### Data for analysis
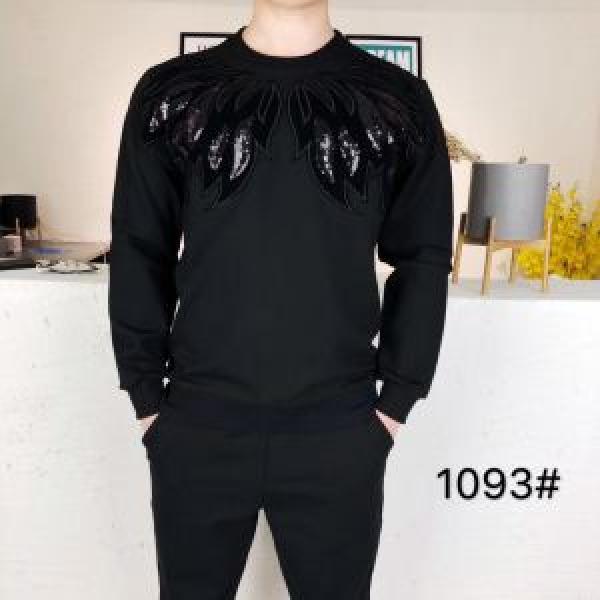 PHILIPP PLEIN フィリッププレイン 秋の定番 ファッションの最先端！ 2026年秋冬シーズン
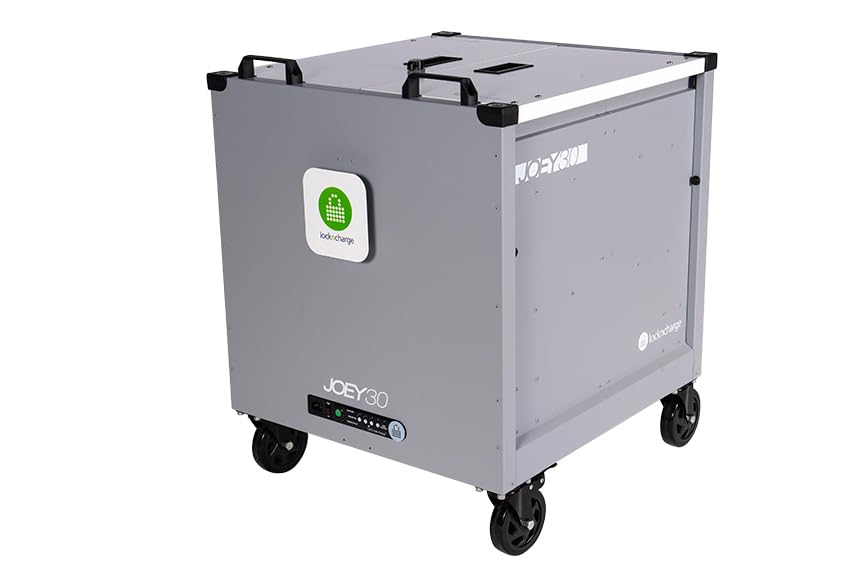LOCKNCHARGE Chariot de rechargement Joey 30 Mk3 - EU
==
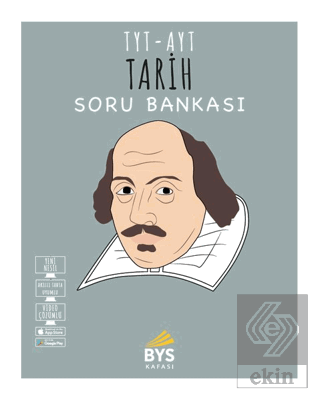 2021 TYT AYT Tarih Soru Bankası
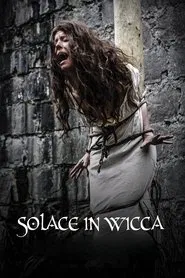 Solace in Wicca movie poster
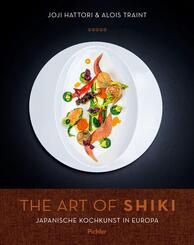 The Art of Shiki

### The problem
Without the pictures, set down the lines above from the line with "2021 TYT AYT Tarih Soru Bankası" up to and including the line with "The Art of Shiki" exactly as they stand.

### Solution to the problem
 2021 TYT AYT Tarih Soru Bankası
 Solace in Wicca movie poster
 The Art of Shiki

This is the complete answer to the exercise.